### DATASET CONTENT:
********

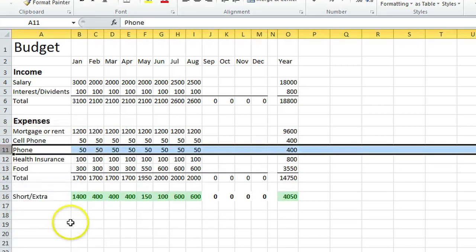As you can see, that row's been deleted. And that's how you add or remove rows in Microsoft Excel.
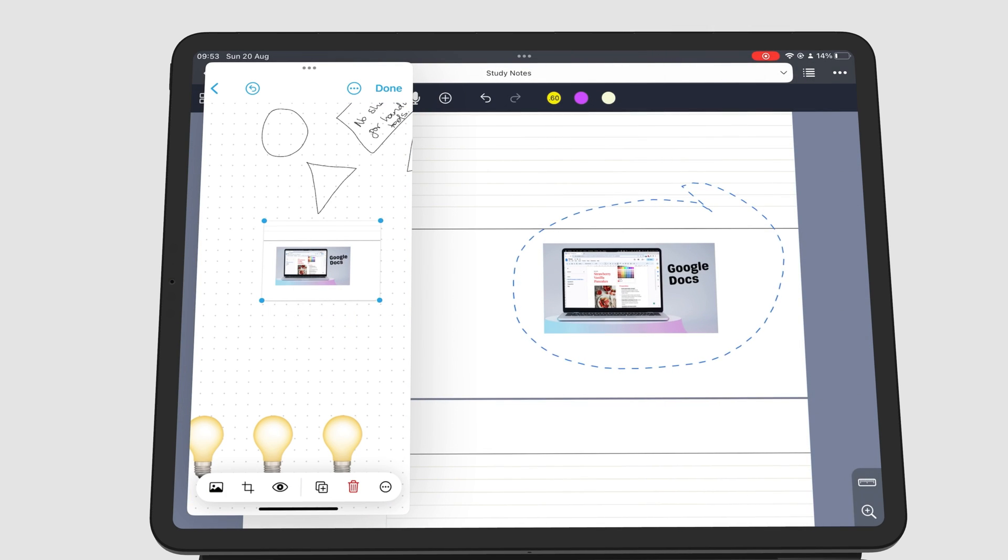You can move apps from Slide Over to Split View by simply dragging them to the side of the screen to split them.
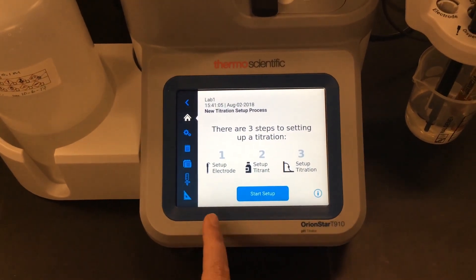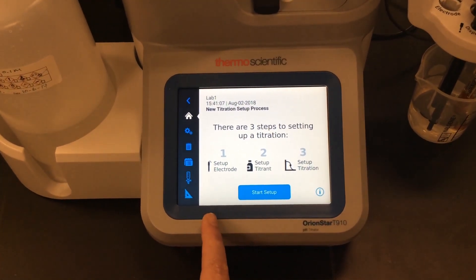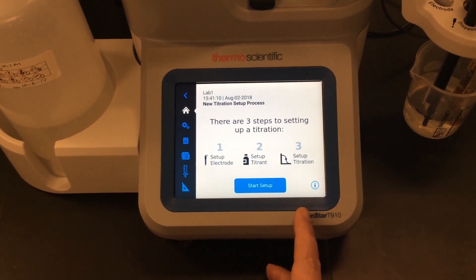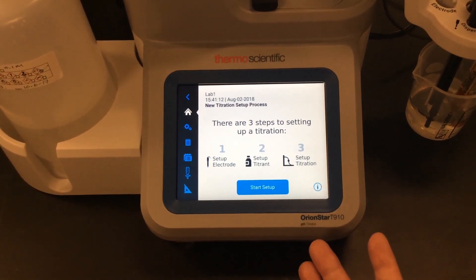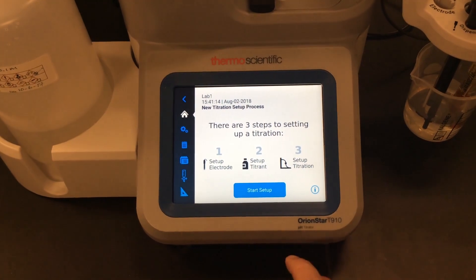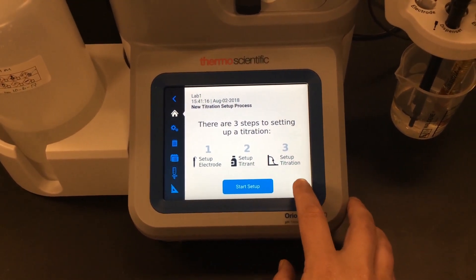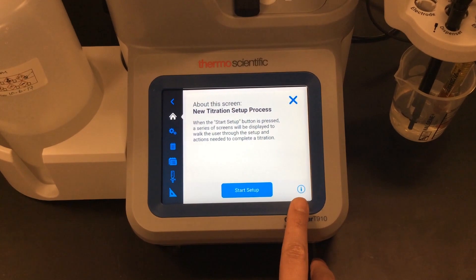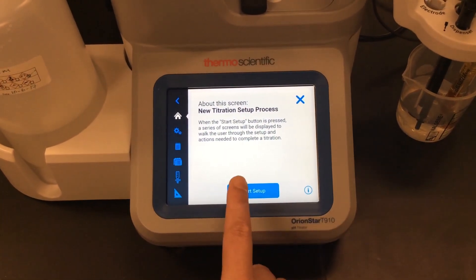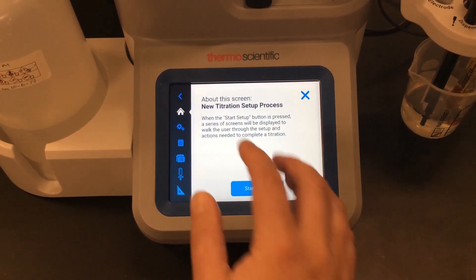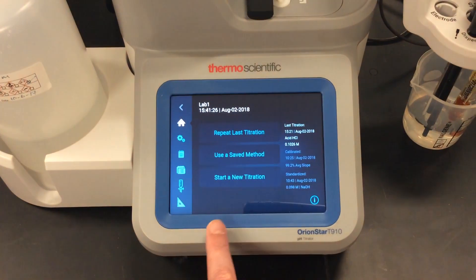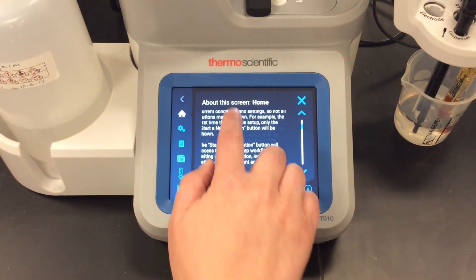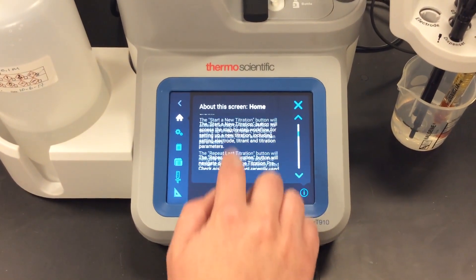I can press the start a new titration button and start a whole new titration using the titration setup wizard, which walks me through my electrode settings, titrant settings, and titration settings, then lets me save it as a method to use again. I can also press the info button at any time if I'm confused or need assistance — the titrator will explain the screen and give helpful tips. This info button is available in most screens and provides valuable information as you learn your titrator.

********

### WHAT TO PRODUCE:
Would you copy all the material exactly, dropping the pictures?

### TASK RESPONSE:
As you can see, that row's been deleted. And that's how you add or remove rows in Microsoft Excel.
You can move apps from Slide Over to Split View by simply dragging them to the side of the screen to split them.
I can press the start a new titration button and start a whole new titration using the titration setup wizard, which walks me through my electrode settings, titrant settings, and titration settings, then lets me save it as a method to use again. I can also press the info button at any time if I'm confused or need assistance — the titrator will explain the screen and give helpful tips. This info button is available in most screens and provides valuable information as you learn your titrator.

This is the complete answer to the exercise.